Well, since my last post, I successfully defended (footage from after the defense), found a job as an analytics developer at a startup in Austin, TX, and even moved out here.  Feels great to be out of Houston and — despite the Texas summer — I’ve started playing outside again, running, climbing and biking.  I’ve somewhat competitive plans of doing well at next February’s Austin marathon, as well as some mountain trips further in the future…

For now though, having tons of fun at the job, playing with gigantic data sets, and learning all sorts of new things.  I’d expect more posts about manifold learning and extracting structure from large networks in the future, but for today a track and field video I’ve loved for a long time, featuring Bill McChesney, John Treacy and Steve Ovett.

Hiatus

Coming up on my defense, so no fun for a little while.  Hopefully I’ll be back in May with new, interesting (to me!) tidbits and adventures.  Happy trails!

Bouncing balls

Inspired, as usual, by Leonid’s recent post, I decided to first write a script that would mimic his.  After that, since I had all the numbers worked out, I wrote two more MATLAB programs: one that mimicked elastic collisions in 2-dimensions, and one that mimics them in 3.

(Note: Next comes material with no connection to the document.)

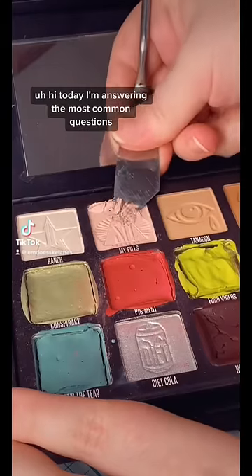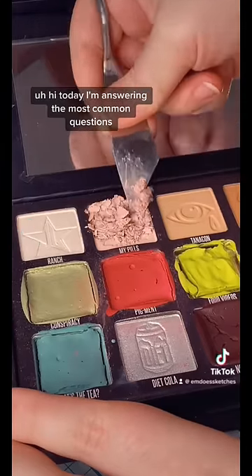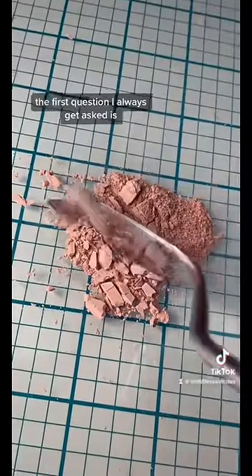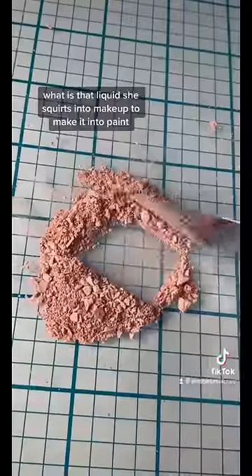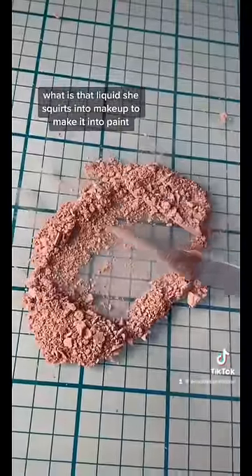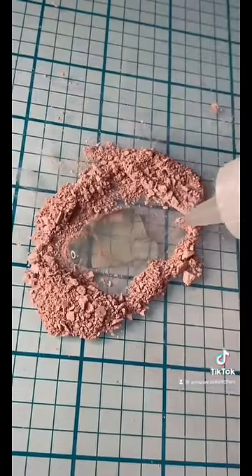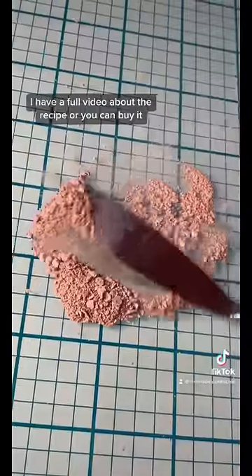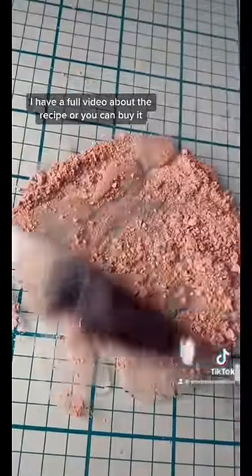Hi, today I'm answering the most common questions I get asked about watercolor binder. The first question I always get asked is: what is that liquid she squirts into makeup to make it into paint? This is watercolor binder — you can make it yourself, I have a full video about the recipe, or you can buy it, I have it up on my shop.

In theory, you can specify the number of particles and their radius, as well as the mass, position, and initial velocity for each (I didn’t vectorize radius for some reason, so I cannot model balls of different sizes bouncing around).  However, in practice I just generate random vectors for each of these numbers.  The final aspect is that the domain I put the balls in was a pool table of 9 x 4.5 units, or 9 x 4.5 x 4.5 for the 3D version.  This was just to make calculating the reflecting angle easier when a ball hit the wall.

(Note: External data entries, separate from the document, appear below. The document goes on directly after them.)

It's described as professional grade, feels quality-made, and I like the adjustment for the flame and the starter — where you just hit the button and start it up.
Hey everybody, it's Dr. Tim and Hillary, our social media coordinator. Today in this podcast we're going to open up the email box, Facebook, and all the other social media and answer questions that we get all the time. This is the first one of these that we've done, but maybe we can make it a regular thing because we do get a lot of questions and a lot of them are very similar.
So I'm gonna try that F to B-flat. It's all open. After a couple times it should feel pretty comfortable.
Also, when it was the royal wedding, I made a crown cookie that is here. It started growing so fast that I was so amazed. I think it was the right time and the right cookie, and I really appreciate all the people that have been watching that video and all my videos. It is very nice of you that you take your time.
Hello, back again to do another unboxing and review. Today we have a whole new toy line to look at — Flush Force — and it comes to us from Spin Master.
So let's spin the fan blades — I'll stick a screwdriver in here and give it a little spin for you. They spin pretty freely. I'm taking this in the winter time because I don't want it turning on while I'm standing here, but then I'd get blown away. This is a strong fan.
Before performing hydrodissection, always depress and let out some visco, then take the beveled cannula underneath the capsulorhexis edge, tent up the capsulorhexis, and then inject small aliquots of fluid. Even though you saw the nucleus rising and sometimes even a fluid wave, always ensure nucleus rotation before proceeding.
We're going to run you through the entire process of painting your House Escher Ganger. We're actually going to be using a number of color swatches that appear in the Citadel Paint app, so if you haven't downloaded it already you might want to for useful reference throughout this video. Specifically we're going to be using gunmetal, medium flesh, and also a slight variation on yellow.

As with Leonid’s code, mine works by checking whether the next step will cause any collisions, then adjusting the velocity vector so that the collision didn’t happen (using conservation of momentum and kinetic energy).  This algorithm is not “smart” in the sense that by avoiding one collision, it might get pushed into a second collision which it does not detect, and if a particle gets going fast enough, it can reflect off a wall from a large distance (my time step is just 0.01).  You can spot this in some of the figures below.

Anyways, here are some of the outputs.  I did not go through the trouble of turning these into .gifs, but they play fairly smoothly.  What happens is I simulate N particles of varying masses and velocities bouncing around in a 2- or 3- dimensional box for T seconds, then plot the path of one of the particles.  The end position of all the particles, plus this path, is in each picture below (with the “tracked” particle colored in red).

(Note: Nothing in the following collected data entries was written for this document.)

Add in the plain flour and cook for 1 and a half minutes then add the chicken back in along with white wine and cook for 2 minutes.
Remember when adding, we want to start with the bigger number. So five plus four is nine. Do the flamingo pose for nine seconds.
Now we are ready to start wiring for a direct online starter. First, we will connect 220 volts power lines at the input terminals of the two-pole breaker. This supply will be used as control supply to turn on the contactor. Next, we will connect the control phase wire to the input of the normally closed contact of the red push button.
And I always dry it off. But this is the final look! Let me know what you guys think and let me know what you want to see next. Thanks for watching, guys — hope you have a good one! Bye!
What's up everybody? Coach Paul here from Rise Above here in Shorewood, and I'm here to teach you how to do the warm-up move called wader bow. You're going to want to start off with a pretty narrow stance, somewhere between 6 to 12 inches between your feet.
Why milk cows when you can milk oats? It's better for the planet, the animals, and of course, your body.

4 particles for 20 seconds. Not many collisions... I can spot 3, I think.

40 particles bouncing for 20 seconds. This particle is involved in a few more collisions than last time (and looks to have been moving faster, too.

Now 40 particles for 20 seconds in 3d. A few more collisions, and it looks like it was going pretty fast in the middle there for a while.

400 particles for 20seconds. Starting to look more like the "random walk" of Robert Brown's pollen, though I would certainly have to mess with how heavy the particles were to more accurately model that.